BTW: Quite often one does not search for a term, but having the keyword on display gives additional clues about the content. hep-th is usually a different sort of paper than hep-ph or hep-ex. IOW it's not only computers looking at the data, thus IMHO bean counting alone doesn't suffice.
I think this is a perfect example where more data/evidence is needed, as well as more testing - at least for the user facing part. I would recommend consulting Stella for this.
Okok, for now, we all seem to agree on storing arXiv + inspire categories, just not yet sure how to expose that info to the users right? (to @rikirenz can keep working on the backend part)
Florian and I delete INSPIRE categories derived from arXiv categories if they don't fit. Usually these are cross-listings which on arXiv mean 'also of interest for...' whereas on INSPIRE they are equivalent to the main category.
Concerning facets: I would use only INSPIRE categories (gut feeling, no strong opinion).

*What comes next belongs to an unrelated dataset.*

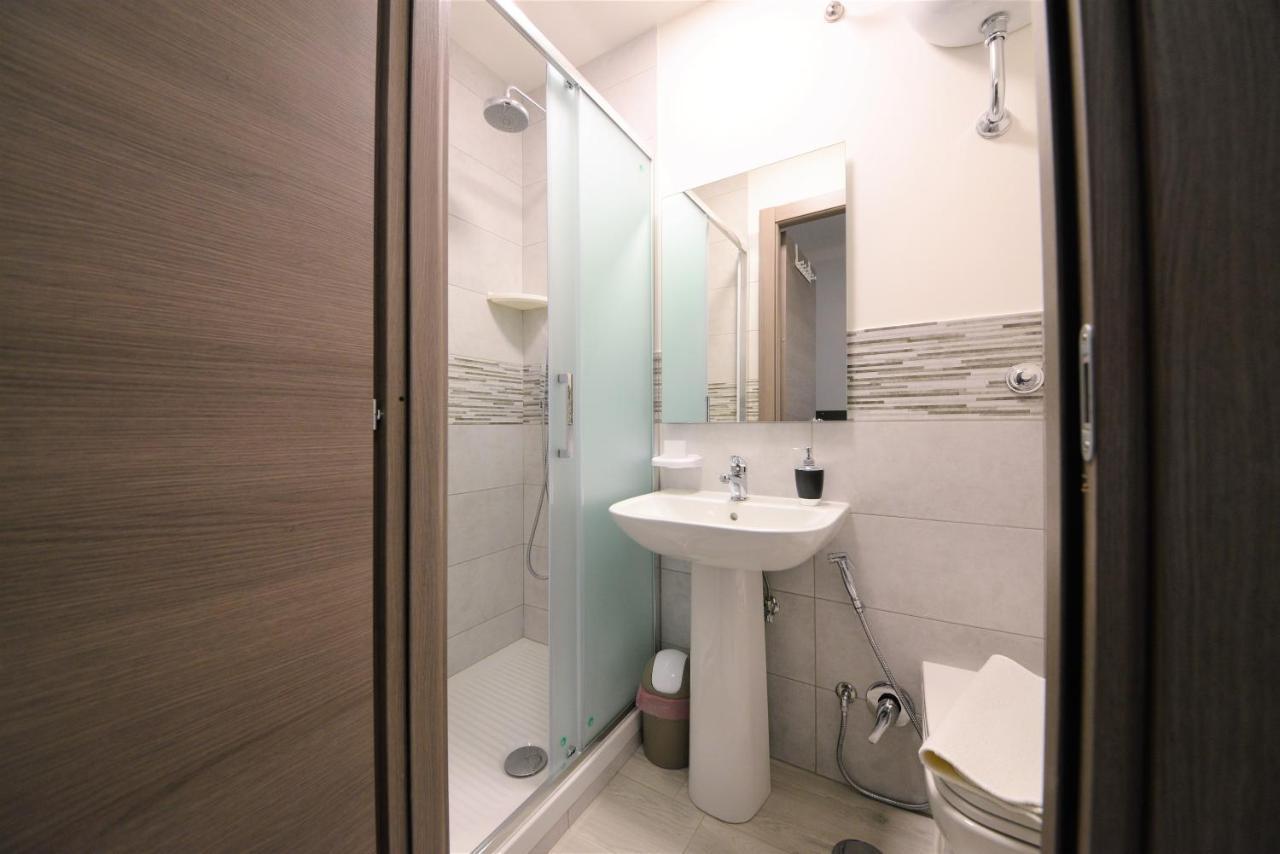 Triple Room,967852309:JPEG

If people really want to search for arXiv categories they can still do that explicitly - right?
Florian and I delete INSPIRE categories derived from arXiv categories if they don't fit.
Who/what process has added the wrong INSPIRE category in the first place? We currently have a mapping that unambiguously maps an arXiv category to an INSPIRE one:
https://github.com/inspirehep/inspire-next/blob/master/inspirehep/config.py#L1445-L1604
Concerning facets: I would use only INSPIRE categories (gut feeling, no strong opinion). If people really want to search for arXiv categories they can still do that explicitly - right?

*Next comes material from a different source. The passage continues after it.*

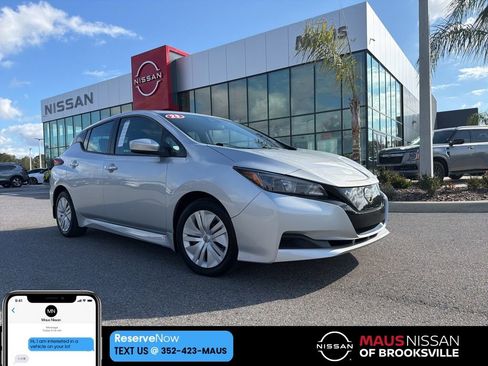 Used 2023 Nissan Leaf S image 1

In principle both searches are possible, but we have stats demonstrating that users are not able to search with them, via search syntax. On the other hand facets are very easy to manipulate. Indeed there is no hurry on this, so we can indeed see the results of user testing the alternatives.

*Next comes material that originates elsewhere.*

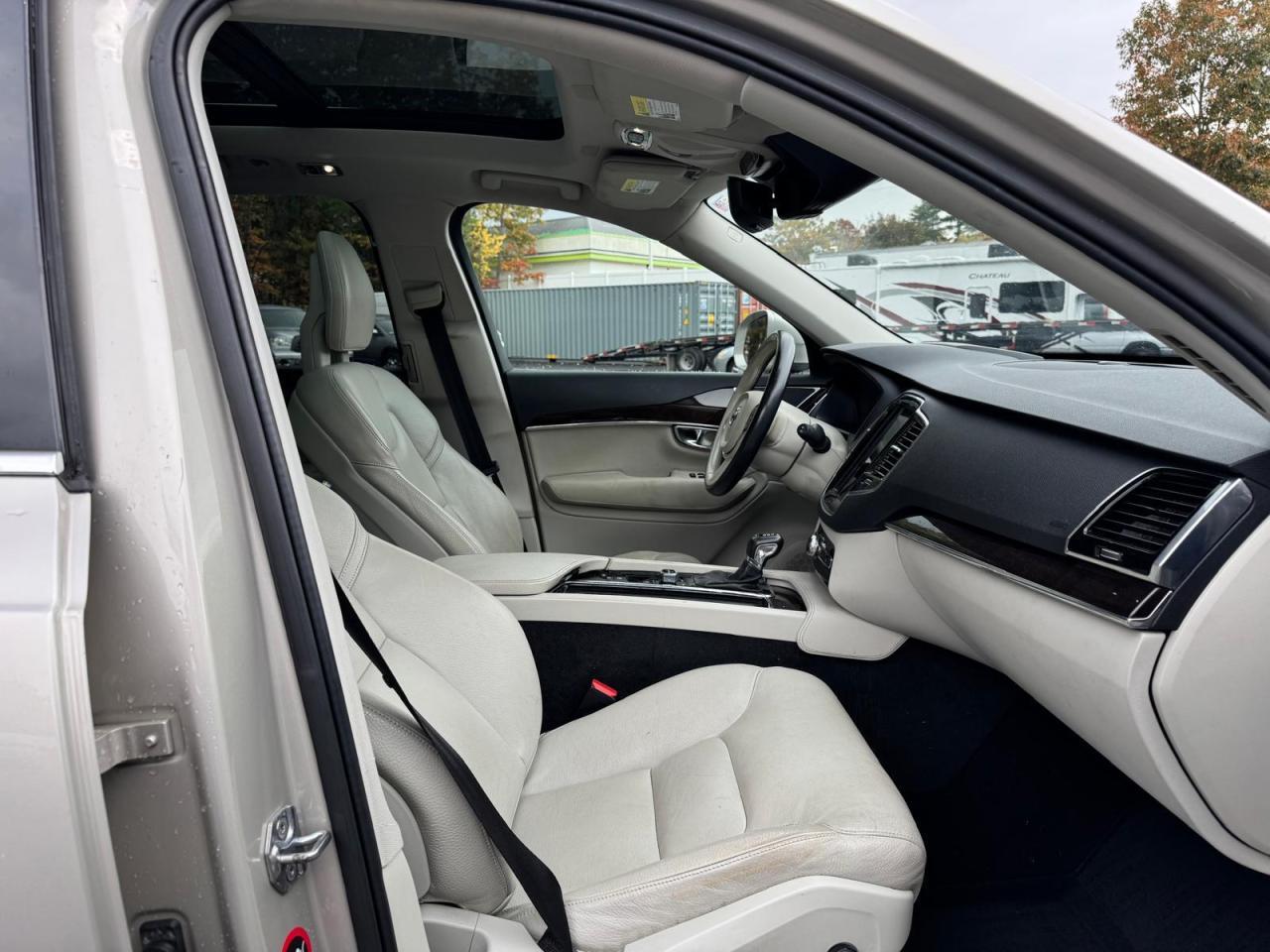 2016 VOLVO XC90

Not wrong in the sense of 'wrong mapping', but wrong in the sense of 'this is not about Experiment-HEP'. At arXiv articles get cross-listed for better visibility 'also of interest for...', at INSPIRE the subject always means 'is about', we don't have the notion of secondary category.
In the new model a record can have more than one INSPIRE subject, so crosslisting is preserved.
IMHO users will not be damaged by having a record to belong to multiple categories. It's just a way for a paper to be reached. Once reached, the user will be able to make is own judgement. But indeed we are making several assumptions here. So worth doing a user-checking.
side effect: everything with a INSPIRE category *-HEP will (automatically) get CORE. I don't need / want user-checking to know that The Escaramujo Project: instrumentation courses during a road trip across the Americas is not CORE. And I want to be in control of INSPIRE subjects even for arXiv papers. If you keep arXiv and INSPIRE categories in sync we completely depend on arXiv. So: derive INSPIRE category automatically from arXiv on ingestion: perfect. But later on they should be independent.
@ksachs I think that is the idea, the INSPIRE categories are only guessed/automatically added if they are not there already, and only on ingestion. After that, they can be manually changed if needed.
The point that @kaplun is trying to make, is that we can have multiple INSPIRE ones, just as we have multiple arXiv ones, with the same treatment to main category and multiple secondary ones.
Yeah, plus I was really curios to know if there was maybe something we could correct, since you were mentioning that you were actually removing INSPIRE categories. Fully understood now.
- In the last 6 months only ~0.01% users queried INSPIRE using arXiv categories (or any category at all)
Correcting myself: the ratio of
SELECT count(*)
FROM piwik_log_action, piwik_log_link_visit_action
WHERE (
type=8 AND
idaction_name=idaction AND
name LIKE '% fc %'
);
and
SELECT count(*)
FROM piwik_log_action, piwik_log_link_visit_action
WHERE (
type=8 AND
idaction_name=idaction
);
is 0.07%. Still low, but mostly I wanted to write down how to compute this kind of number if someone else is interested.
Also: this is the ratio of queries containing fc
, not users. Computing the ratio of users can be done, but is slightly harder.
It's actually pretty easy. The ratio of:
SELECT COUNT(DISTINCT idvisitor)
FROM piwik_log_action, piwik_log_link_visit_action
WHERE (
type=8 AND
idaction_name=idaction AND
name LIKE '% fc %'
);
and
SELECT COUNT(DISTINCT idvisitor)
FROM piwik_log_action, piwik_log_link_visit_action
WHERE (
type=8 AND
idaction_name=idaction
);
is 0.1%.
That is, of all distinct users that made at least a query on INSPIRE in the last six months, 0.1% of them used the fc
keyword.
@annetteholtkamp, rightly points out, of course, that it does make quite a difference to know if an INSPIRE category had been:
magpie
)arxiv
)cataloger
).So finally in our data structure seems like we still need to capture the source for INSPIRE categories.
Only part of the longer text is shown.